The conventional argument is that the small people “eat” the railway, streetlights, and guardrails off the side of highways, as part of the wider social infestation caused by the grand corruption of the Big People.

The Big People eat tenders, steal votes, fleece the National Treasury, and so the folks learn from them and make do with skimming off the “government” things that pass near their village.

So apart from vandalising the SGR, they will take off with the windows, sockets, electrical wires, and bulbs from the neighbouring public schools.

As evidence of this, during the 2013 elections, if you remember, people were quite shocked by the state of some of the Kenyan schools and public places where the polling stations were located.

But there has to be something bigger going on, a new contestation over, to use the cliché, the public [goods] space.

UGANDAN PUZZLE

You see it all over Africa actually. Many times people take these things not to sell for a little change, but to fill a void created by the absence of a state service.

A famous highway was redone in western Uganda some years ago, a section of it passing not far from President Yoweri Museveni’s country home.

The contractors went over the top, and peppered the road with reflective studs – very many of them. But slowly, the studs started disappearing. However, they were not showing up in the second-hand scrap markets, and it was a puzzle.
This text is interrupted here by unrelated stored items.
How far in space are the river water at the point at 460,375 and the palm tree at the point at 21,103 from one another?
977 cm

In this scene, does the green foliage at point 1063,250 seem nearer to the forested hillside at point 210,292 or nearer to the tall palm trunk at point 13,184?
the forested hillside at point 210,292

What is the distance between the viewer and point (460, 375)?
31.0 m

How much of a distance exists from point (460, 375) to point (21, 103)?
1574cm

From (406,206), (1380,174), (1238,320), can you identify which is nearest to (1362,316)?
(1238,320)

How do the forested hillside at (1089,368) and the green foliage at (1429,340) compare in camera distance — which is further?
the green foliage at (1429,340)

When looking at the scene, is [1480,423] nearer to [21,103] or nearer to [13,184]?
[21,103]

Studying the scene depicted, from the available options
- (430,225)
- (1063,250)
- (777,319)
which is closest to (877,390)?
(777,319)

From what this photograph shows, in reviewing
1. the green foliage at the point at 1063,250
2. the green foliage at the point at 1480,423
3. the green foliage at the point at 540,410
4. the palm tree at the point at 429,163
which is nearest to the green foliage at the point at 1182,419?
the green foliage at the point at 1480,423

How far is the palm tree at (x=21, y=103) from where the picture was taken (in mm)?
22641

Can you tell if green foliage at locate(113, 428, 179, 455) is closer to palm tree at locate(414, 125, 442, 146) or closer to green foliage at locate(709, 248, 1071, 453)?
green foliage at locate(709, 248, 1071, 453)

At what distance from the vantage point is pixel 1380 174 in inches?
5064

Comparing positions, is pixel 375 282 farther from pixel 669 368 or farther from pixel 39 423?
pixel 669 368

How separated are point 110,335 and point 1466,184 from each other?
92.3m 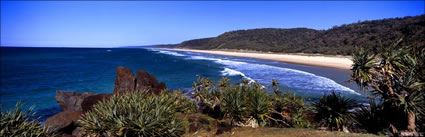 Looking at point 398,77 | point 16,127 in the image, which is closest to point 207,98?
point 16,127

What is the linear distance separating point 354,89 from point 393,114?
12.8 meters

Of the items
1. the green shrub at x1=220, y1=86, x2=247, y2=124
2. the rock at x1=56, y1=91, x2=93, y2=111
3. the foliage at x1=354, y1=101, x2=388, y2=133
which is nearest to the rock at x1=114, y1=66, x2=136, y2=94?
the rock at x1=56, y1=91, x2=93, y2=111

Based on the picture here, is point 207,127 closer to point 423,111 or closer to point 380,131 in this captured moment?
point 380,131

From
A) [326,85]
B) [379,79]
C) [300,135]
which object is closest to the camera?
Answer: [300,135]

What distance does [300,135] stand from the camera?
6.43 meters

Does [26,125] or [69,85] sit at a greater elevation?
[26,125]

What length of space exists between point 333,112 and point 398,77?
94.3 inches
Soon the puzzle was solved. Being Museveni’s stronghold and backyard, he reportedly visited one of his staunch supporters in a nearby village.

And there, on the edges of the man’s house, were some of the studs that had disappeared from the highway. The family acted without any awareness of how awkward it looked.

BETTER USE

The picture became clear. People didn’t think they were stealing the reflective studs. They considered that they were putting them to better use than the government that was “just wasting them on the drivers”. They could take that position because they didn’t own cars and, therefore, didn’t drive at night.

They didn’t have electricity or flush toilets inside in their houses. The reflective studs helped them to see their way to the door at night when they woke up to go and pee or allowed the man of the house not to run into walls when he returned home late at night from the local bar and was groping his way to the bedroom.

If they had electricity, they would not have plucked out the studs. It is a complicated push and pull going on.

One notices, though, that the thieves usually don’t steal many guardrails or streetlights during the construction of these projects.

MORE VALUABLE

In fact, if you think of it, there is more valuable stuff to steal during the building stage. If you are ambitious, you could steal a tractor. There is fuel for the machines, cement, and pipes and metals piled up.

But the people don’t for two reasons. First, until the road is handed over to the government and “unveiled” by the president or a minister, the people still mostly see it as the private property of the contractor. And respect for private property runs deeper than for the public ones.

Secondly, it helps that private property is likely to be guarded. If you want to steal glass from a school, the public school is easier because it won’t have a guard. The private one will likely have both a fence and guard.

African governments generally don’t effectively occupy the public spaces that are supposed to be the State’s charge. Other than for coercive purposes (for example, keeping protesters away from the gates of parliament), they tend to be absent landlords.